Par ailleurs, le contrat prévoyait une clause limitative de responsabilité, que le Tribunal a écartée en raison d’une faute grave du prestataire. La Cour confirme l’inopposabilité de la clause, mais procède à une substitution de motifs. En effet, le prestataire a agi de manière dolosive en refusant d’exécuter ses obligations contractuelles. L’invocation par le prestataire de deux brefs avis de droit, justifiant selon lui le refus de prester, n’a pas de valeur probante, puisqu’ils ne constituent que de simples allégués.

Enfin, concernant l’invalidation par la banque du contrat pour la période de transition, le Tribunal a considéré que le prestataire avait exercé une pression illicite sur celle-ci, de sorte qu’elle pouvait légitimement le résoudre. La Cour abonde dans ce sens en soulignant que l’acceptation du contrat de transition a permis à la banque de diminuer son dommage, conformément à l’art. 44 al. 1 CO. Le prestataire critique également que la résolution ait eu lieu après le délai de péremption d’une année (art. 31 CO). La Cour lui rétorque que l’exception pour crainte fondée peut toujours être opposée, même après l’écoulement de ce délai.

Cet arrêt illustre la complexité des contrats informatiques, en particulier la méthode de rémunération du prestataire ainsi que la résiliation des contrats. In casu, la banque s’en est heureusement bien sortie puisqu’elle a réussi à obtenir des mesures provisionnelles suite à la résiliation injustifiée par le prestataire.

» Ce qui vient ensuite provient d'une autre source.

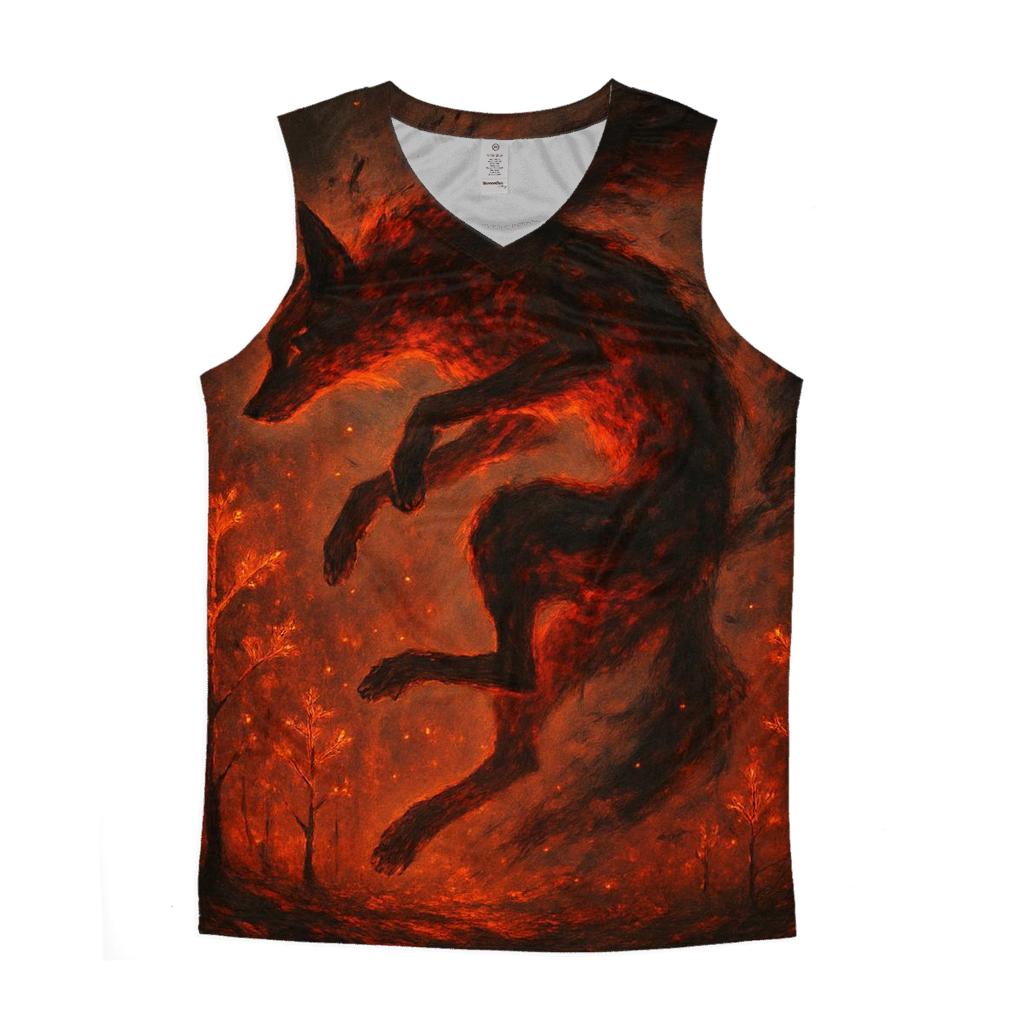 Random Ember Fox Spirit casual summer tank tops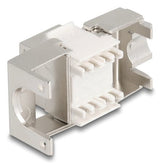 Keystone Modul Slim Rj45 Buchse Zu Lsa Cat.6a Geschirmt 180° Werkzeugfrei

Au contraire, lorsque la banque désire elle-même mettre fin au contrat, elle se retrouve souvent dans la délicate situation de vendor lock-in, en raison de la complexité pratique et des coûts liés au changement de prestataire. Si ce dernier abuse de la dépendance de la banque afin d’imposer des nouvelles clauses, le tribunal pourrait confirmer l’invalidation du contrat conclu sous contrainte en raison d’une crainte fondée, comme retenu dans l’arrêt commenté. La solution contractuelle en amont consiste à intégrer dans le contrat informatique une clause de réversibilité, laquelle prévoit en particulier les droits et obligations des parties durant la période de transition vers un nouveau prestataire ou durant la réinternalisation du service informatique.